Academics at the University of London have poured scorn on the gambling industry in a no nonsense report that looks at the minutiae of gambling research.
Is gambling research biased?
I guess it depends who is asking the question, but one thing is for sure, if that question is being asked by the team of researchers behind the research report Fair Game then the answer seems to be a resounding yes.
A team of researchers from the Department of Anthropology at the University of London have spent the last three-years looking into the way the betting industry carries out independent research, only to find that it barely produces anything of note.
The Fair Game report suggests that vital research needed to introduce gambling industry reforms is wholly dependent on the gambling industry, most notably the Responsible Gambling Trust (RGT), to supply the relevant data, and as such produce very conservative information.
Professor Rebecca Cassidy, one of the lead researchers, said “This research shows that the gambling industry, charities that are funded by contributions from the industry, and the government have too much influence over research. They control funding, prioritize banal questions, determine who can access crucial data, and set the terms of that access. As a result, gambling research is not asking the right questions. Instead of placing the blame for so-called ‘problem gambling’ at the feet of the individual, they should instead focus on how the industry and the state benefit from certain policies.
“Part of the problem is that what counts as ‘evidence’ is very narrowly defined as irrefutable proof that particular machines or games cause problem gambling. This definition makes many of the questions asked by policy makers impossible to answer, because they are too simplistic, because there are insufficient funds to support the projects that would allow them to be answered, or because the data required to answer them is inaccessible.”

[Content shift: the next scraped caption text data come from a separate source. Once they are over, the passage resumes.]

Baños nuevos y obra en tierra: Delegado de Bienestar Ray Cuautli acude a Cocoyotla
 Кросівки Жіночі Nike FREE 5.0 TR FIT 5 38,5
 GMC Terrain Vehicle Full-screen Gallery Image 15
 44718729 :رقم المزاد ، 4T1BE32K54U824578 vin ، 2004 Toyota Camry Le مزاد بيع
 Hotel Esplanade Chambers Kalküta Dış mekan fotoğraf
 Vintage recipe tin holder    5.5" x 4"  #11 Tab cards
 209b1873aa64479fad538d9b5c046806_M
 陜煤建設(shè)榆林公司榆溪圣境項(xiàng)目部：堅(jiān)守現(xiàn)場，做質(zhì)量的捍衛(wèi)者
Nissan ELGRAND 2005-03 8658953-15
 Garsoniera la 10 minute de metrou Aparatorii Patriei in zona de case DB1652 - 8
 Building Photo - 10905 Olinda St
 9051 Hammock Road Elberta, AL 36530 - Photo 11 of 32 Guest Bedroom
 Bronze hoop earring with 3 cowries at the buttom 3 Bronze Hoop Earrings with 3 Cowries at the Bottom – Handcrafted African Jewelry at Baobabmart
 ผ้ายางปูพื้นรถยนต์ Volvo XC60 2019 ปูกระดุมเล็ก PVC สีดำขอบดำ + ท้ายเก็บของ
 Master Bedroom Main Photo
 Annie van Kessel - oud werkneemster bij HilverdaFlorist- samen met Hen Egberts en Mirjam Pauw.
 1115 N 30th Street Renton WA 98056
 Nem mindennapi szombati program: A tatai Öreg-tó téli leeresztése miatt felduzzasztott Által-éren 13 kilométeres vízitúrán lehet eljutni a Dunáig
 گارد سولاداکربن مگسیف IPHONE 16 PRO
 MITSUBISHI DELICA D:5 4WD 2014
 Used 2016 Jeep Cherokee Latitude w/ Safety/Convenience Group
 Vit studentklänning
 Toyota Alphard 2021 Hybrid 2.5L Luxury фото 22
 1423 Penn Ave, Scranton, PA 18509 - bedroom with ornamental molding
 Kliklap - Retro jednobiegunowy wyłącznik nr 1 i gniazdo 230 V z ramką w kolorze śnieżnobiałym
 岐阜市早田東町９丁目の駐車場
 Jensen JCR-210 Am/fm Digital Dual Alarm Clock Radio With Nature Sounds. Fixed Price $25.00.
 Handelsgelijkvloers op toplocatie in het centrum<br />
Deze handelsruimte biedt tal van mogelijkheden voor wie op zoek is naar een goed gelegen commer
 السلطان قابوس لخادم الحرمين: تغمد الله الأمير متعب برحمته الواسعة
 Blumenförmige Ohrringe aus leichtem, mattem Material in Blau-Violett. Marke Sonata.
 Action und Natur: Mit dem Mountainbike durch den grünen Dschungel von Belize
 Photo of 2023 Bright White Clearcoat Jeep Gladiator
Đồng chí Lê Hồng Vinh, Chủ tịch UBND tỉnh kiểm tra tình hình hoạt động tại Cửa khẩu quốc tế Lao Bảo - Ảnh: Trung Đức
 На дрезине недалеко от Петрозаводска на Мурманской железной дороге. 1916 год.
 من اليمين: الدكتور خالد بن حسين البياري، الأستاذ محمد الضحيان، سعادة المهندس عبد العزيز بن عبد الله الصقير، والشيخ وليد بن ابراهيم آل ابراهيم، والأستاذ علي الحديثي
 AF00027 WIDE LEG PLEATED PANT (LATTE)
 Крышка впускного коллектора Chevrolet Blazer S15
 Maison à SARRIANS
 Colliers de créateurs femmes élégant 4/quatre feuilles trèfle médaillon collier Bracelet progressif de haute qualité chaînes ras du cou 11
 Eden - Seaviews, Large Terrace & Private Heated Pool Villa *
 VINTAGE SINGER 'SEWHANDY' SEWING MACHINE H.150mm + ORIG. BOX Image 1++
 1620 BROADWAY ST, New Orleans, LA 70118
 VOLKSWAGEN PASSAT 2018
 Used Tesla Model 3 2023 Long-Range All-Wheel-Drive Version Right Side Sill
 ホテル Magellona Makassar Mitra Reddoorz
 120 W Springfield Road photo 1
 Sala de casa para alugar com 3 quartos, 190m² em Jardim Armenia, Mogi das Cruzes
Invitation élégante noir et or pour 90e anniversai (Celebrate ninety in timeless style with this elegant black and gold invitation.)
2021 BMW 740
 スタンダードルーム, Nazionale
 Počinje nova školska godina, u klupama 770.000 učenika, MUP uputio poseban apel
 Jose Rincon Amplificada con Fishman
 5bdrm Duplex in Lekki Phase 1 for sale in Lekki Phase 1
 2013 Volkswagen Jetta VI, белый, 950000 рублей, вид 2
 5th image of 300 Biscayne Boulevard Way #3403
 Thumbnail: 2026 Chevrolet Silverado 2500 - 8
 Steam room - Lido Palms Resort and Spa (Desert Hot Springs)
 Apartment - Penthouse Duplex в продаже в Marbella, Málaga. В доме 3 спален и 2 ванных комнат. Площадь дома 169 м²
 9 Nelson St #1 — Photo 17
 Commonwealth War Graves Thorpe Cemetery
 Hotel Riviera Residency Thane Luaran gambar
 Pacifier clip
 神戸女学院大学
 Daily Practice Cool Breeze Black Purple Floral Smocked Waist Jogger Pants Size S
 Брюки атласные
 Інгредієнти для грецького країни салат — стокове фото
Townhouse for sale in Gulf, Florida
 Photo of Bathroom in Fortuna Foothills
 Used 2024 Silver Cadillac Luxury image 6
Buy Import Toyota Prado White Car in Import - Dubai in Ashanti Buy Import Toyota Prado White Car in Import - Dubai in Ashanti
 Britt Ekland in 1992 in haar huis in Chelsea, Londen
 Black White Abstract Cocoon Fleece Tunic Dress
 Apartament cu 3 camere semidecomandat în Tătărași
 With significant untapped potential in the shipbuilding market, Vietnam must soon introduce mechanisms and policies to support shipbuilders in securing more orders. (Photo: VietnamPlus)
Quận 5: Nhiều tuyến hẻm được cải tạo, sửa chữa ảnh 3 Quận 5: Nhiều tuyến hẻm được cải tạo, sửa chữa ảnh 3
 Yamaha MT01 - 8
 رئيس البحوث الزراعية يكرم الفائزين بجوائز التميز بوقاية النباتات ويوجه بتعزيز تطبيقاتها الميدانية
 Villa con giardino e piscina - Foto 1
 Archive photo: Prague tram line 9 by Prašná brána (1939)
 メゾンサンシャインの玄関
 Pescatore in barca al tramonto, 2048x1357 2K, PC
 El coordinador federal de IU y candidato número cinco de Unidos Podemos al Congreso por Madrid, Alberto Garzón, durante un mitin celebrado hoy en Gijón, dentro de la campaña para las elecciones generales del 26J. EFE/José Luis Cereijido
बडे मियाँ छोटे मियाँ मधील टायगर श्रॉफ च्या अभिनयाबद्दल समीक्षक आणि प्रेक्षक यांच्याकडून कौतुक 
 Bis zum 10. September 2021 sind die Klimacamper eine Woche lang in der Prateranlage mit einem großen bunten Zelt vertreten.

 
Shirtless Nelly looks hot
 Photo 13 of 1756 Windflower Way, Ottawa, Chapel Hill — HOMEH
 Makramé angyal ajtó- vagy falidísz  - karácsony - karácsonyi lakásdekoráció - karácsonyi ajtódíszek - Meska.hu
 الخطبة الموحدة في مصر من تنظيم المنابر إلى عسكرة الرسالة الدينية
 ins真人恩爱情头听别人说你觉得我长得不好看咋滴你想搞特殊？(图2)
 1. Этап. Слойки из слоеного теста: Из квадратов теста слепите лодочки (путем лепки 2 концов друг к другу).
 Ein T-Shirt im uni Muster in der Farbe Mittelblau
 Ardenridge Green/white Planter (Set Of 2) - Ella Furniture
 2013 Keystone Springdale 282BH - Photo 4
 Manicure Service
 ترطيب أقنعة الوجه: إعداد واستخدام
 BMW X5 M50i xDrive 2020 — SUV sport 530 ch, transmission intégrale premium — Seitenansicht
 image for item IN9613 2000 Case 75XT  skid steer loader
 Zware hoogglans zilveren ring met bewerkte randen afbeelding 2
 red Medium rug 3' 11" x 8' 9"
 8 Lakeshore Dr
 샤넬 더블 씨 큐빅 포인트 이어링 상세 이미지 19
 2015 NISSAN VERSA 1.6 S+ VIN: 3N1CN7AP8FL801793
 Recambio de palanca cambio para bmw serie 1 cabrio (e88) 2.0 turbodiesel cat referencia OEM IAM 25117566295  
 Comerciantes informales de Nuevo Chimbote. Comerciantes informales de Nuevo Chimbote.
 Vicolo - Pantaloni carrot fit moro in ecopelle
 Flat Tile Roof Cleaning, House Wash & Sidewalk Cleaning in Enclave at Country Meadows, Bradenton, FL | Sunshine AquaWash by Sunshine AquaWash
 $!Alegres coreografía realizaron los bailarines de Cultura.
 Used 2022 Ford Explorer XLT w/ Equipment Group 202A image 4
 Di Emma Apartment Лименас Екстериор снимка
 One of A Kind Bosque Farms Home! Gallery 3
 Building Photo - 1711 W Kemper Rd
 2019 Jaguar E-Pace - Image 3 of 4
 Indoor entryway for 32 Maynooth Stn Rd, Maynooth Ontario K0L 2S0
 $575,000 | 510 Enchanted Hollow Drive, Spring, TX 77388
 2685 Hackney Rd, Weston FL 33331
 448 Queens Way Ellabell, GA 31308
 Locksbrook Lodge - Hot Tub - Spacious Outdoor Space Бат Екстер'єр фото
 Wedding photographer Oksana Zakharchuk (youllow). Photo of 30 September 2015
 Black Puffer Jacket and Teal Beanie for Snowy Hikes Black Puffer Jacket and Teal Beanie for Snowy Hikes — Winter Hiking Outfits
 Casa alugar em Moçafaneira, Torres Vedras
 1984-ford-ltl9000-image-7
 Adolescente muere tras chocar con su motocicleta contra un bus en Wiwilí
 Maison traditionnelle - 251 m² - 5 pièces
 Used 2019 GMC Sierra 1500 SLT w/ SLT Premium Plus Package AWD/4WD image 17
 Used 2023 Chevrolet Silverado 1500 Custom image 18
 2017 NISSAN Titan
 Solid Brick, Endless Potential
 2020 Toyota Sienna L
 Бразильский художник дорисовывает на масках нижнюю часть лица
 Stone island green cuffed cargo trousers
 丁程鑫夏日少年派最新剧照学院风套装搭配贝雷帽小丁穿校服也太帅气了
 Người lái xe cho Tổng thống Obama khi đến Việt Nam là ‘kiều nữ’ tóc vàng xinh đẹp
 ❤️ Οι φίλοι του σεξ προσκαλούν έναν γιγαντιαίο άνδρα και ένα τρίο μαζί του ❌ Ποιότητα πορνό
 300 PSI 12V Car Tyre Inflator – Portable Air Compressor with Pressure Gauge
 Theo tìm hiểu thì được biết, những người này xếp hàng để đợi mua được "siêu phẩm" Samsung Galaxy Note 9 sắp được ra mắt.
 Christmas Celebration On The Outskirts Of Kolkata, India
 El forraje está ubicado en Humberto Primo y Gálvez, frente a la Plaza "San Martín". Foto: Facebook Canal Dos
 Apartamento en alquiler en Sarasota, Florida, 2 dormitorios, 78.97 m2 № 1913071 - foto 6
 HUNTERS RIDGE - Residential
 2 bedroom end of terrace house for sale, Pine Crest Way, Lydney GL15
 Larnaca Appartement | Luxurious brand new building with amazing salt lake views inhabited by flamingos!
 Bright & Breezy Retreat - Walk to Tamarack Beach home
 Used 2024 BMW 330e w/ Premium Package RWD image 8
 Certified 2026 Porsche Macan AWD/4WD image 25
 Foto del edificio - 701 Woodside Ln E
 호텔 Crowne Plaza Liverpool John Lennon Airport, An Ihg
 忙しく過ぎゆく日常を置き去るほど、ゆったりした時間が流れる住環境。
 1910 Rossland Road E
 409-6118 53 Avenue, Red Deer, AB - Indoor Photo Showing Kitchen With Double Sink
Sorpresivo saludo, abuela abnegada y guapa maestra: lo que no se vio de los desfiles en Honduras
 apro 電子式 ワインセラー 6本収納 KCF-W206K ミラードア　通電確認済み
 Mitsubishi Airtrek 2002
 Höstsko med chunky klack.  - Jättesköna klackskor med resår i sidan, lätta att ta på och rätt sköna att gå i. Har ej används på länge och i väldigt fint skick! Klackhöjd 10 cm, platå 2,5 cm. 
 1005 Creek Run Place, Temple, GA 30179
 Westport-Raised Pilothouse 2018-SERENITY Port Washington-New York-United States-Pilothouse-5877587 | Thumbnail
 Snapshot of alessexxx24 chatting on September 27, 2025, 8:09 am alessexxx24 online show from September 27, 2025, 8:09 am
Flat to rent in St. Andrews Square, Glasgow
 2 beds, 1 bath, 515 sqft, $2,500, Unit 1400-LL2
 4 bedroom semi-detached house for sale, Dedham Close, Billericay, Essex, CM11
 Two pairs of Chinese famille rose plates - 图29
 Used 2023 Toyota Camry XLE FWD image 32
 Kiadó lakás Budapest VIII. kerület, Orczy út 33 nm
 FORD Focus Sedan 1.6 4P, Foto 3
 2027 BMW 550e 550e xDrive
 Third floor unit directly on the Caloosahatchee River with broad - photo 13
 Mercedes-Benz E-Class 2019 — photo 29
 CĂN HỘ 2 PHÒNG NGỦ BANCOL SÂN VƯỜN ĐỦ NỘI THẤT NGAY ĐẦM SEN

The researchers interviewed 109 stakeholders from all over the globe and were told repeatedly that the gambling industry suffered from a ‘cozy club mentality,’ that there was a ‘lack of challenge between various parties,’ and ‘the overall governance of gambling is pretty weak.’
There was even a quote from an unnamed researcher who said, “I was really scared about potentially annoying the industry and then getting my reputation trashed, because I saw that happen… and it really was horrible. So I had a choice, say everything is fine. In other words, lie.”
The research team produced the following recommendations.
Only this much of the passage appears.